Пока он летел, то успел подумать, что отец связался с черными риелторами, что его убьют, чтобы забрать хоть и не престижную, но все-таки квартиру.

– Артюша, как хорошо, что ты приехал. – Отец нисколько не удивился, увидев сына буквально через сутки после телефонного разговора. – Вале нужно купить квартиру. Я обещал.

– Какой Вале?

– Моей Вале! – Отец плотоядно захихикал, от чего у Артема даже свело челюсть: представить себе отца в роли героя-любовника он не мог. – У нее такая ситуация, что ей без квартиры просто никак.

Артем улетел ближайшим рейсом.

Эти женщины – Вали, Анжелы, Светы – появлялись у отца регулярно. Артем перестал реагировать на звонки отца. Ничего не менялось – женщины были хорошими, деньги нужны срочно. Только цена возрастала – то тысяча долларов, то пять, то вот – миллион. Что он им рассказывал? Что у него богатый сын за границей? А они? Настолько были небрезгливы, что подстирывали, убирали, готовили, соотнося затраты с перспективой? Отец явно звонил Артему в их присутствии. У него точно кто-то стоял за спиной. Начитавшись новостей из России, Артем удивлялся, как отца еще никто не убил. Но когда бы сын ни приехал, отец всегда был один – никакой Вали, Анжелы, Светы Артем так ни разу и не увидел.
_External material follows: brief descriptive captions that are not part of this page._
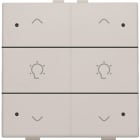 NIKO - Doppel Dimmersteuerung mit LED für Niko Home Control, light grey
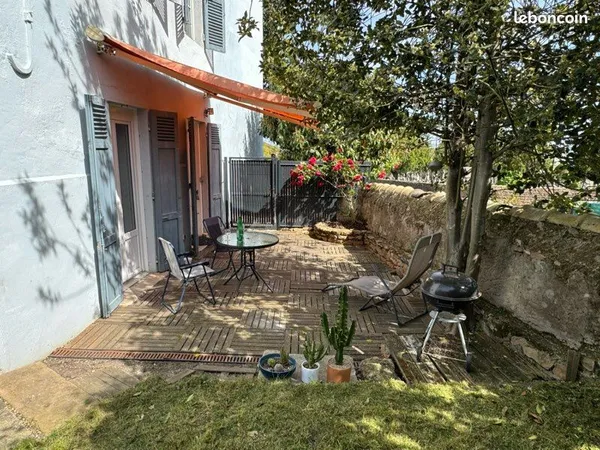Appartement T2 bis + jardin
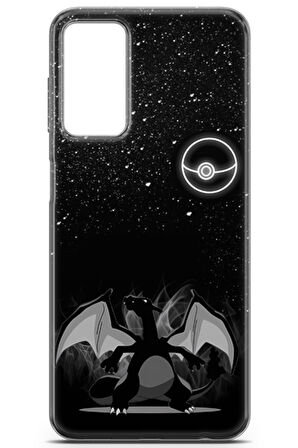 Samsung Galaxy M13 uyumlu Pokemon 38 Baskılı Telefon Kabı Charizard Pokemon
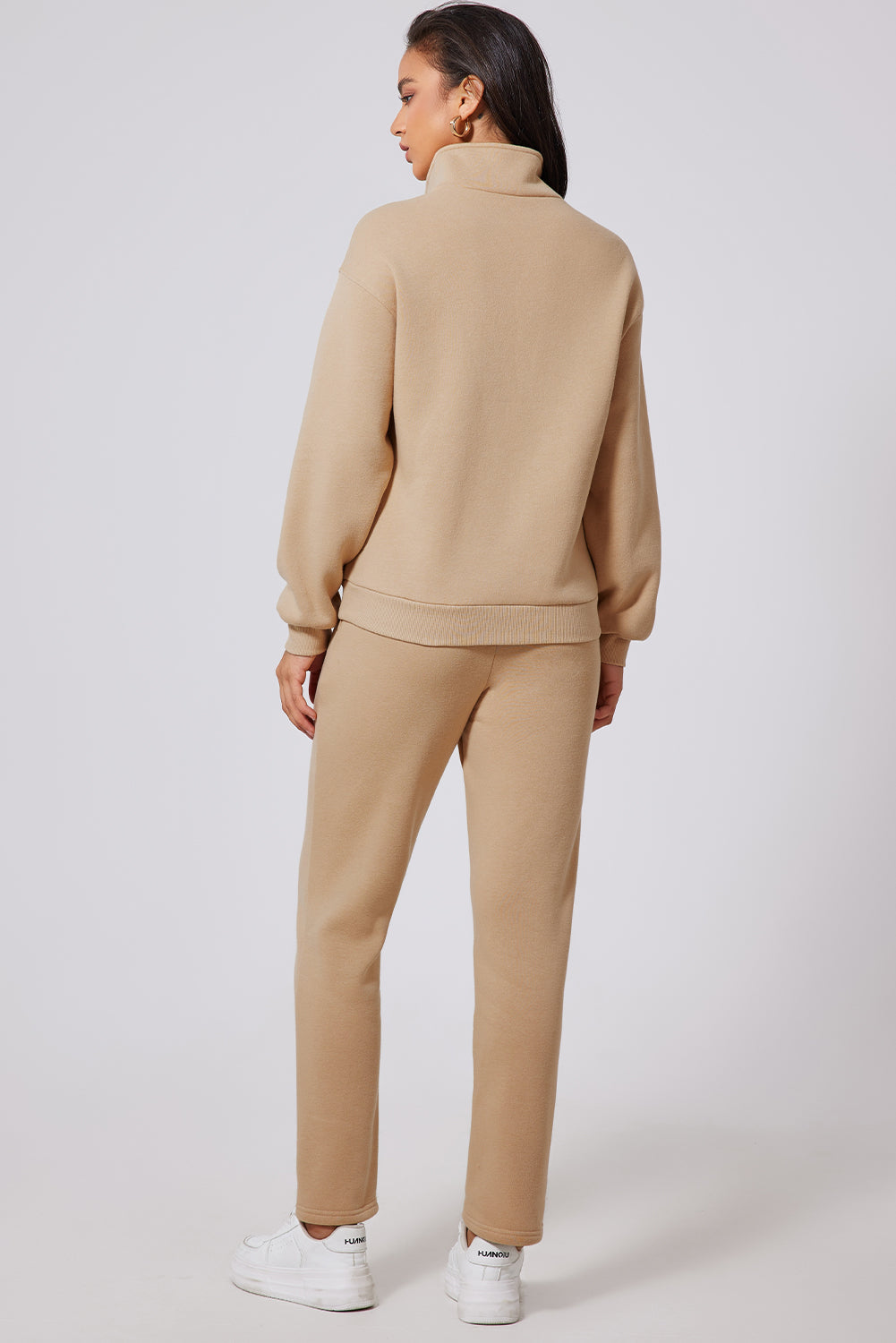 Half Snap Turtleneck Top and Pants Set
Они с отцом не были близки и, говоря честно, плохо знали друг друга. Так сложилась жизнь. И сейчас Артем видел перед собой пожилого, грязного мужчину с блестящими, безумными глазами, который хочет денег. Не для себя, а для очень хорошей женщины. И, как ребенок, обижается и отказывается понимать, почему сын не может исполнить его желание.

В один из приездов Артем уговорил отца пройти полное обследование. Вердикт врачей просто потряс. Артем волновался, что у отца сердце, давление, сосуды… А оказалось… Отец, которому в следующем году должно было исполниться восемьдесят пять, здоров как бык. С поправкой на возраст, конечно. Давление – хоть в космос запускай. Сердце – как у сорокалетнего. Только с головой плохо. Ведет себя не всегда адекватно – по помойкам лазает, женщин себе придумывает, деньги немыслимые требует.

– А что вы хотите? – разводили руками врачи. – Здоров. Возраст сказывается. Остается только терпеть.

– Я не могу. – Артем имел в виду и то, что должен улететь, и то, что не может терпеть. Должен – отец все-таки, а не может.

– Наймите помощницу, сиделку, если позволяют средства, – посоветовал врач.

Артем улетел, снабдив отца лекарствами, едой и деньгами. Целых полгода от него не было никаких известий. Отец не звонил и ничего не требовал. Когда звонил Артем, телефон не отвечал. Мучила ли Артема совесть? Мучила. Но он не находил в себе сил снова ехать к отцу. Звонок раздался, как всегда, среди ночи. Артем сначала испытал облегчение – значит, отец опять принялся за свое. Но в телефоне он услышал голос своего одноклассника Киры. Кира работал следователем в их районе.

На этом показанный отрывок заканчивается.